The Met now says it will reopen with Verdi’s Requiem

The Met now says it will reopen with Verdi’s Requiem

News

norman lebrecht

August 20, 2021

Just up on the website:

In commemoration of the 20th anniversary of 9/11, the Met presents Verdi’s Requiem, with Music Director Yannick Nézet-Séguin conducting the extraordinary Met Orchestra and Chorus as well as a quartet of star soloists: soprano Ailyn Pérez, mezzo-soprano Elīna Garanča, tenor Matthew Polenzani, and bass-baritone Eric Owens. The concert marks the first performance inside the Metropolitan Opera House since the March 2020 closure due to the Covid-19 pandemic.

Just one problem: the orchestra have not yet agreed to play.

 

Comments

  • Alviano says:

    Given the state of the House’s finances, a requiem might be appropriate.

    • William T. Cohen says:

      Given the Blanchard “rehearsal” they just posted, Verdi’s requiem is a sign of their imminent demise…orchestra or not.

  • sonicsinfonia says:

    Correction: “the orchestra has not yet agreed to play” – there is only one of them, as far as I know.

  • caranome says:

    Maybe a capella then. The other day another orchestra played without chorus. Then one can do one without soloists. Music reimagined in age of covid!

  • Barry says:

    Skipping by any controversy and focusing on the music potential, I’ve seen a lot of Yannick in concert over the years (in Philadelphia), and the single best performance I’ve seen him lead was unquestionably the Verdi Requiem with which he opened his Philadelphia MD tenure. I had become somewhat jaded to the piece, but he snapped me out of that with one of the most gripping performances of anything I’ve ever seen in a concert hall. Hopefully he’ll recapture that in this performance, if it comes off.

    • Robin Mitchell-Boyask says:

      I was at that one too! I’m not the biggest YNS fan, but he’s an absolutely wonderful conductor of the great choral works.

  • Alan R. Kay says:

    What’s left of the extraordinary Met Orchestra, anyway.

  • Tiredofitall says:

    Very strange that the PBS telecast will be introduced by a ballerina…not a singer. Just sayin’.

  • Alex says:

    What a PR trap for the orchestra.
    Solidarity to my friends at the MET orchestra.

  • sam says:

    Ugh, when you have no ideas left, you put on Verdi’s Requiem.

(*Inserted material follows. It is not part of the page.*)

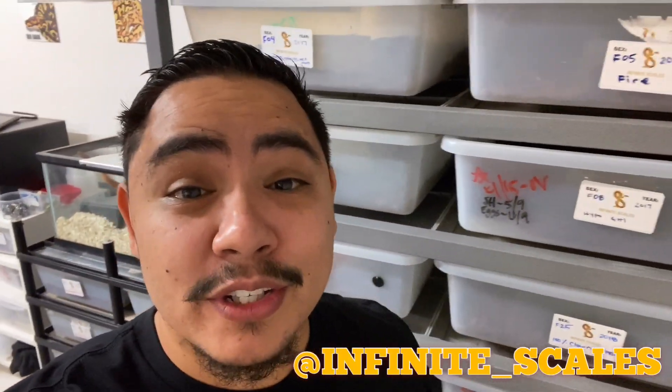Hey, what's up guys, it's Ernie here with Infinite Scales. Today we have a pretty busy day, but before we get started I actually got a pretty nice surprise this morning — probably the most highly anticipated clutch of this year so far, and this girl's laying. I wanted to show you guys and let's take a quick peek at how she's doing.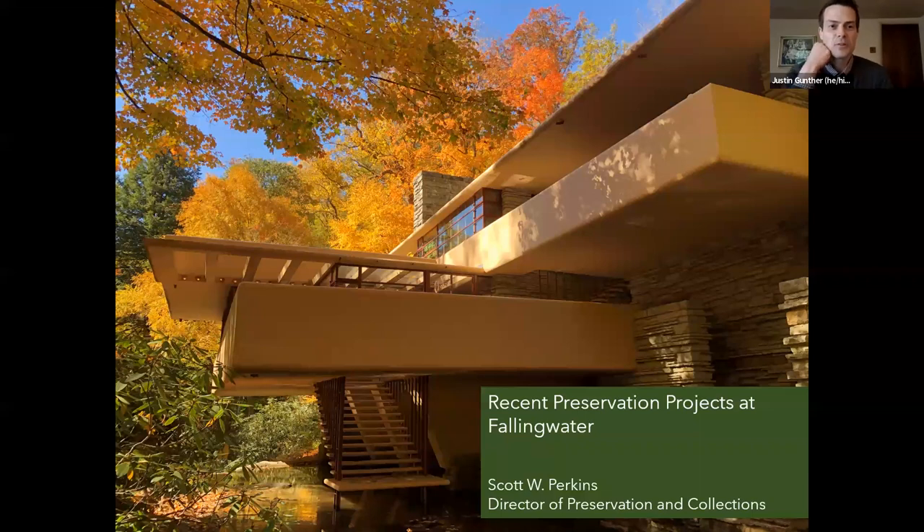Hi, everyone. For those of you signing in, we're just going to wait a little bit as the participants start to sign in. We'll start in just a minute or so.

    It’s the lazy man’s go-to cheap grief piece that’s popular enough to fill seats.

    They might as well just put on a concert Traviata, same cast, same chorus, same cost.

    • Tiredofitall says:

      To mark 20 years since 9/11. But yes, I agree, there are other pieces that would be equally if not more appropriate and not over-exposed.

    • It’s been planned for months…it marks the 20th anniversary of the 9/11 terrorist attacks. It’s a one-time event. The actual opening night of the season is scheduled for September 27th.

  • Maria says:

    Hope they use a chorus and not a string quartet and a few brass ad a drum for an orchestra! Pity they couldn’t have done an opera in an Opera house than a dramatic oratorio which now seems to be getting flogged to death – and before I get criticised, no disrespect whatsoever to 9/11. That will always remain something SO awful in our time, and beyond words or music.

  • Pianoman says:

    How apropos! If the orchestra won’t play, hire two pianists….I’m ready!

  • BrianB says:

    Fewer than 3 weeks to settle.
    The Verdi Requiem with two piano accompaniment. That should be interesting…

  • SMH says:

    Why? It’s a very powerful work, but certainly quite bleak and desolate…..

    “Deliver me, Lord, from eternal death … when you will come to judge the world by fire.”

    Is that how they really want to open the season?

  • Save the MET says:

    Proving once again, Gelb is not of sound mind and remains mired in depths of manure over his head. He’s now planning the biggest super-spreader possible, as big a chorus and as big an orchestra as he could possibly put on that stage. The idiot DeBlah tried to run an outdoor super-spreader over the weekend in Central Park with a hurricane forecasted. As DeBlah is shortly to be unemployed and Gelb should be, perhaps Tweedle Dee and Tweedle Dumb can run another business into the ground together.